GIVEN DATA:
● ● ● ● ●

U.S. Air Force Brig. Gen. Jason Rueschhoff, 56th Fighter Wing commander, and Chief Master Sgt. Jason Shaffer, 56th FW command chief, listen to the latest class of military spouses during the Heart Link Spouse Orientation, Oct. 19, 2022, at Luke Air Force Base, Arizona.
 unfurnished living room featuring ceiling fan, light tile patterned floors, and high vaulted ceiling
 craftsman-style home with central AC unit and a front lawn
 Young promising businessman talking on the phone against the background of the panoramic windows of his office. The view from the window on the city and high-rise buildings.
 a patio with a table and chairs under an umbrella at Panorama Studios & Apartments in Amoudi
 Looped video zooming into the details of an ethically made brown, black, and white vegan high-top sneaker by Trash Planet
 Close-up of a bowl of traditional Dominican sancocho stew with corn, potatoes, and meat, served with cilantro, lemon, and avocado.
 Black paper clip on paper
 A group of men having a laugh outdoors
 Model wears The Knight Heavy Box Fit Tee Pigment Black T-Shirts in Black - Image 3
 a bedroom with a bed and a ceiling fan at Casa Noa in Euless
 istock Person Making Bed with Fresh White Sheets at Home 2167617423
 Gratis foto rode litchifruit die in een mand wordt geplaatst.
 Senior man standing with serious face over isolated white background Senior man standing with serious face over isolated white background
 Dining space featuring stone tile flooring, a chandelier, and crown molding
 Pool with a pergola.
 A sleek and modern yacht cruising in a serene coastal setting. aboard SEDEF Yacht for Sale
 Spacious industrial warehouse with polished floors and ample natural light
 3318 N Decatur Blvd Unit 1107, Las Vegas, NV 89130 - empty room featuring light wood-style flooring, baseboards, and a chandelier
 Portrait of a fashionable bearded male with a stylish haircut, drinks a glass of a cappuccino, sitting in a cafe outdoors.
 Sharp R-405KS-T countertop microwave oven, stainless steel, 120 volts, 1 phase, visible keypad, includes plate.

● ● ● ● ●

INSTRUCTIONS TO FOLLOW: Return all the lines shown above, precisely as they stand.

ANSWER SECTION:
U.S. Air Force Brig. Gen. Jason Rueschhoff, 56th Fighter Wing commander, and Chief Master Sgt. Jason Shaffer, 56th FW command chief, listen to the latest class of military spouses during the Heart Link Spouse Orientation, Oct. 19, 2022, at Luke Air Force Base, Arizona.
 unfurnished living room featuring ceiling fan, light tile patterned floors, and high vaulted ceiling
 craftsman-style home with central AC unit and a front lawn
 Young promising businessman talking on the phone against the background of the panoramic windows of his office. The view from the window on the city and high-rise buildings.
 a patio with a table and chairs under an umbrella at Panorama Studios & Apartments in Amoudi
 Looped video zooming into the details of an ethically made brown, black, and white vegan high-top sneaker by Trash Planet
 Close-up of a bowl of traditional Dominican sancocho stew with corn, potatoes, and meat, served with cilantro, lemon, and avocado.
 Black paper clip on paper
 A group of men having a laugh outdoors
 Model wears The Knight Heavy Box Fit Tee Pigment Black T-Shirts in Black - Image 3
 a bedroom with a bed and a ceiling fan at Casa Noa in Euless
 istock Person Making Bed with Fresh White Sheets at Home 2167617423
 Gratis foto rode litchifruit die in een mand wordt geplaatst.
 Senior man standing with serious face over isolated white background Senior man standing with serious face over isolated white background
 Dining space featuring stone tile flooring, a chandelier, and crown molding
 Pool with a pergola.
 A sleek and modern yacht cruising in a serene coastal setting. aboard SEDEF Yacht for Sale
 Spacious industrial warehouse with polished floors and ample natural light
 3318 N Decatur Blvd Unit 1107, Las Vegas, NV 89130 - empty room featuring light wood-style flooring, baseboards, and a chandelier
 Portrait of a fashionable bearded male with a stylish haircut, drinks a glass of a cappuccino, sitting in a cafe outdoors.
 Sharp R-405KS-T countertop microwave oven, stainless steel, 120 volts, 1 phase, visible keypad, includes plate.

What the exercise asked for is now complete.